### Exercise goal
Every picture should be left out, but the lines below must be repeated exactly.

### Recorded information
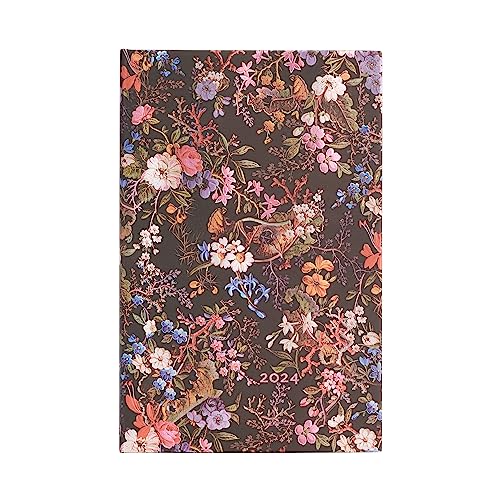 Paperblanks 12-Monatskalender 2024 Floralia | Verso | Maxi (135 × 210 mm) von Paperblanks
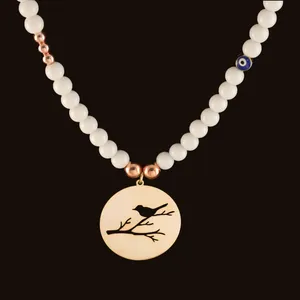 گردنبند نقره زنانه مدل h167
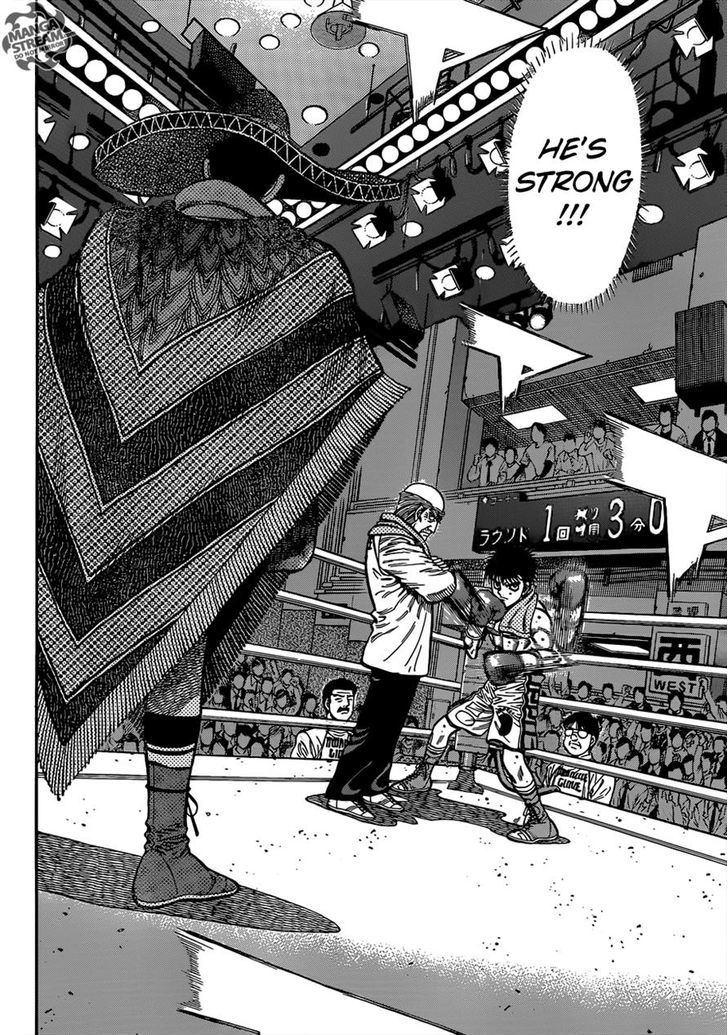 Hajime no Ippo Chapter 1032 page 9 - Chapter 1032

### Answer section
 Paperblanks 12-Monatskalender 2024 Floralia | Verso | Maxi (135 × 210 mm) von Paperblanks
 گردنبند نقره زنانه مدل h167
 Hajime no Ippo Chapter 1032 page 9 - Chapter 1032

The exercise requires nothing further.